Amazonía, útero de la tierra

Gianni Proiettis, Lima, Perú. La matanza de la Curva del Diablo, perpetrada cerca de Bagua en la Amazonía peruana el pasado 5 de junio, muestra la fuerza y la madurez del movimiento indoamazónico y marca un antes y un después en la historia reciente de Perú.

La prensa ya creó un neologismo: baguazo, que de ahora en adelante  designará la represión homicida ejercida a traición por el Estado contra una protesta popular.
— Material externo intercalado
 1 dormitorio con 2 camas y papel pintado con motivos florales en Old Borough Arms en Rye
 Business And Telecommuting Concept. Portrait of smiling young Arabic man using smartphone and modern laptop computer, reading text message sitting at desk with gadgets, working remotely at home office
Los awajún y wampis que mantenían bloqueada la carretera estatal Fernando Belaúnde, entre Bagua Grande y Bagua Chico, blandían una razón más que válida: detener el despojo y la devastación de sus tierras ancestrales, salvar la Amazonía de la voracidad del blanco, de sus empresas y de la sombra mortal de su “desarrollo”.

Con un nombre prestado por la mitología griega, selva primordial y terra incognita por excelencia, la Amazonía no sólo es el pulmón del planeta con siete millones de kilómetros cuadrados de vegetación, sino también el riñón —gigantesco filtro acuático— y el útero húmedo y fecundo de la máxima biodiversidad.

Partida entre siete países —Brasil, Guyana, Vene-zuela, Colombia, Ecuador, Perú y Bolivia— la Amazonía es una de las regiones lingüísticas más complejas del mundo: 300 lenguas, derivadas de 20 familias distintas, por menos de dos millones de hablantes. Tan sólo la Amazonía peruana cuenta con 44 pueblos indios diferentes con sus lenguas y cosmovisiones.

Más allá de la variedad cultural y étnica, el hombre indoamazónico presenta paradójicamente, en una sociedad considerada “sin escritura”, las capacidades poliédricas anheladas por el Renacimiento: arquitecto (y constructor), artista, astrónomo, botánico (y terapeuta), guerrero (y cazador), músico, naturalista, inventor. Y, sobre todo, guardián de la selva, escudo humano frente al “progreso” llevado por las empresas transnacionales, que no se detienen frente al ecocidio ni el etnocidio.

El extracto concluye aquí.